Garrison information
- Occupants: 23rd Air Flotilla, No. 18 Squadron RAAF

= Manggar Airfield =

Manggar Airfield, also known as Mangar Airfield or Manggarbesar Airfield, was a military airfield which was operational during the Pacific War in World War II. It was operational from 28 January 1942 to 10 July 1945, and has been redeveloped into an urban area since. The airfield was located in Manggar in Balikpapan area of Indonesia.

== History ==
Manggar Airfield was originally built in 1936 under Dutch colonial administration to transport oil and tin.
During World War II, Japan had planned to capture the Dutch East Indies, in order to utilize its existing oilfields and also construct an airfield at Manggar, which would be critical for Japan's occupation of Southern Borneo.
Following the fall of Tarakan, from 20 to 23 January 1942, the Royal Netherlands East Indies Army Air Force deployed three Lockheed Lodestars to Manggar Airfield for evacuation and resupply flights. BPM personnel and civilians who were still left behind were airlifted to Surabaya.

=== Japanese Capture ===
Following the Japanese victory in the Battle of Balikpapan, the Sakaguchi Detachment began the re-construction of Manggar Airfield on 26 January 1942. Following a bombardment by allied forces, the airfield had to be repaired on 27 January. The next day, nine Mitsubishi A6M Zero fighters of the 23rd Air Flotilla landed at Manggar Airfield, and later set up a headquarters by the 30th.
Manggar Airfield was first photographed on 10 October 1944, and was operated by the Imperial Japanese Navy and Japanese Army Air Force. It consisted of two airstrips, and was a major landing ground as it was the largest airfield in the Balikpapan area. In February 1944, the 23rd Air Flotilla relocated the 381st Kokutai to Manggar Airfield, recently equipped with Mitsubishi J2M Raiden Interceptors. The 381st Kokutai stationed two Hikotais at max strength, equipped with 36 front-line fighters and 12 aircraft in reserve. One of these squadrons, S602 had slowly converted to Raidens in the ensuing months, operating less than 10 aircraft during the Balikpapan air battles. The 381st Kokutai also commanded one Hikotai equipped with 8 J1N1-S Gekkos, with 6 aircraft in reserve. The U.S. Strategic Bombing Survey characterized 381 as one of the best fighter groups in the Japanese Navy.

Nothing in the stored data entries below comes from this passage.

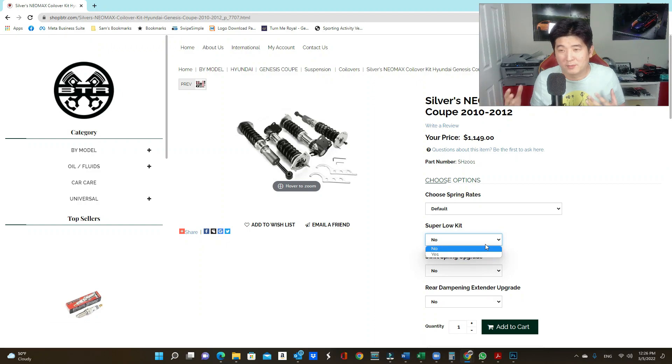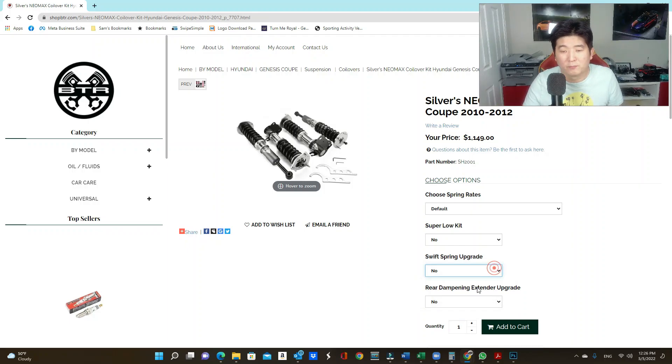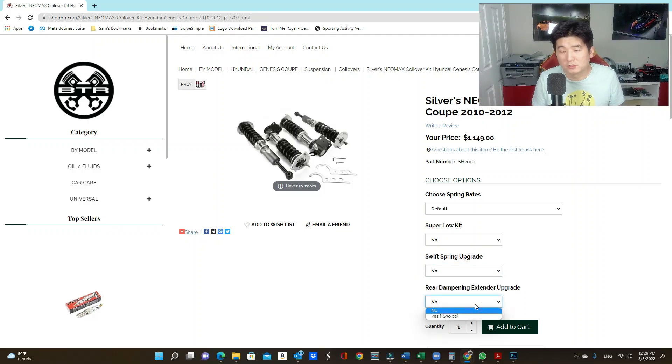I always say: keep with the default spring rates unless you know exactly what spring rates you want. The default spring rate gives you increased performance as well as a smoother ride compared to OEM. If you're building a full track car you'd go custom. The super low kit is for stance nation — if you want to go super low, I'd actually recommend an Air Lift air suspension instead, which gives you more freedom over bumps and better performance value than a super low coilover kit.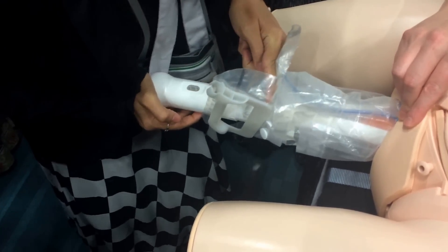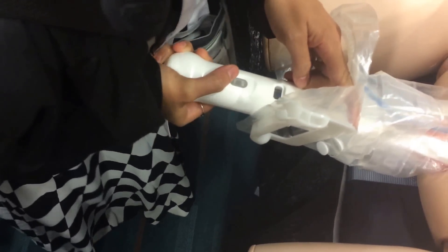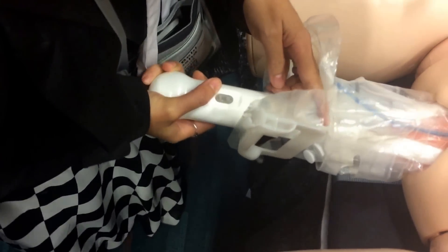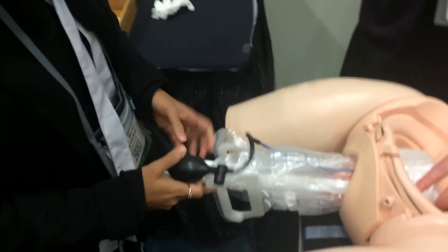Keep pushing until you see blue in that little window. A little more — good. Now pump five times.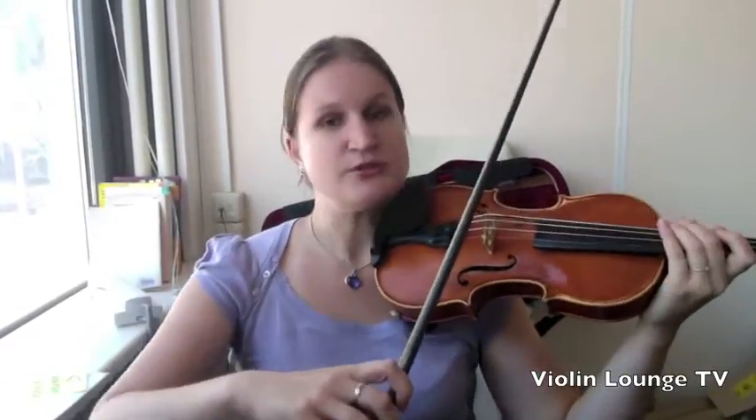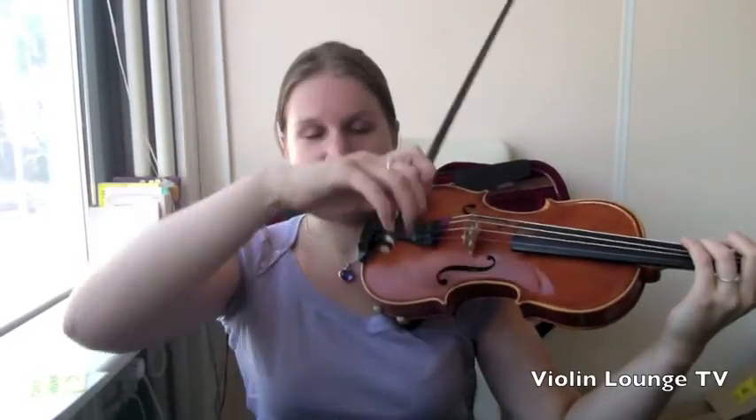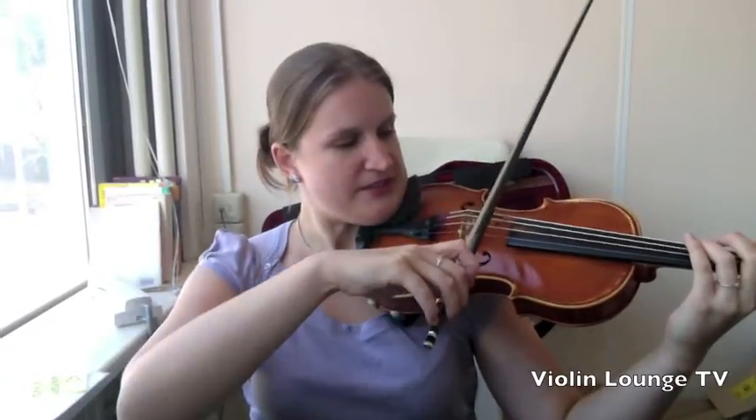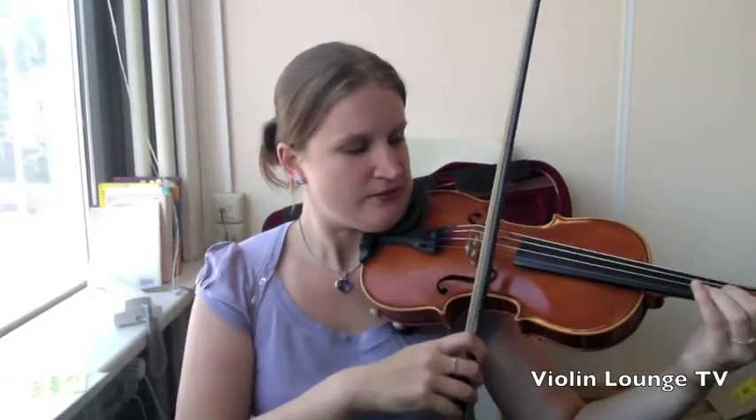But if you use détaché bowing and you don't leave the string, then you also don't leave the string when crossing strings — and that's perhaps a little more difficult. I'll show you both. For example, if I use a bowing where the bow leaves the string, I just jump when I'm in the air. I'm doing it very exaggerated — you don't need to bow like this. But I jump over the A string. This is quite small, not a giant leap or anything.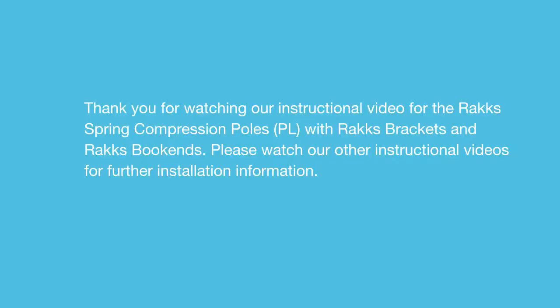Thank you for watching our instructional video for the RACS Spring Compression Poles PL with RACS brackets and RACS bookends. Please watch our other instructional videos for further installation information.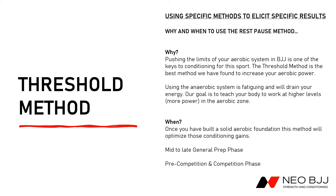Same format as always — we're going to discuss the why and when, because if you don't know those it doesn't really matter. This specific method is going to be used to elicit a very specific result: we're looking to increase aerobic power and how long you can maintain that for your jiu-jitsu, so imagine pushing a higher pace for longer periods of time. Pushing the limits of your aerobic system is one of the keys to conditioning for the sport.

=== Battle of Manggar Airfield ===
On 2 July 1945, the 2/14th Battalion began to advance from the Balikpapan beachhead, and captured a smaller airfield in Sepinggang with little difficulty. On the next day, it continued towards Manggar facing small amounts of resistance before finally arriving on the morning of 4 July. Initially, it appeared undefended as the 2/14th was able to advance a kilometer, however, the Japanese were entrenched in the hills overlooking the airfield. They were armed with two 6-inch coastal guns north of the airfield. The Japanese army had been caught off guard by the Australian army's speed, and their positions were bombarded by artillery and naval gunfire for two days. On the afternoon of 6 July, an attack was ordered and a 13-man patrol was able to seize the heavily fortified coastal guns. In the meantime, other Japanese positions were being heavily bombarded. On the afternoon of 9 July, all Japanese positions were captured with the support of 3 tanks. Manggar Airfield was heavily bombed by liberator aircraft from the United States Air Force. Over 500 rounds of naval gunfire and 12,000 rounds of artillery ammunition had been used for this operation.

=== Aftermath ===
On 10 July, Manggar Airfield was liberated by the Australian Army. Several Japanese aircraft were captured including both Imperial Japanese Navy and Japanese Army Air Force aircraft. In the wreckage included the Mitsubishi Ki-51, and Nakajima Ki-84 presumably from the 7th Air Division HQ, a Kawasaki Ki-48, and a G4M1. Following this, Manggar Airfield was repaired to be used by the Allies, and the No. 18 Squadron RAAF from Batchelor Airfield arrived on 17 July.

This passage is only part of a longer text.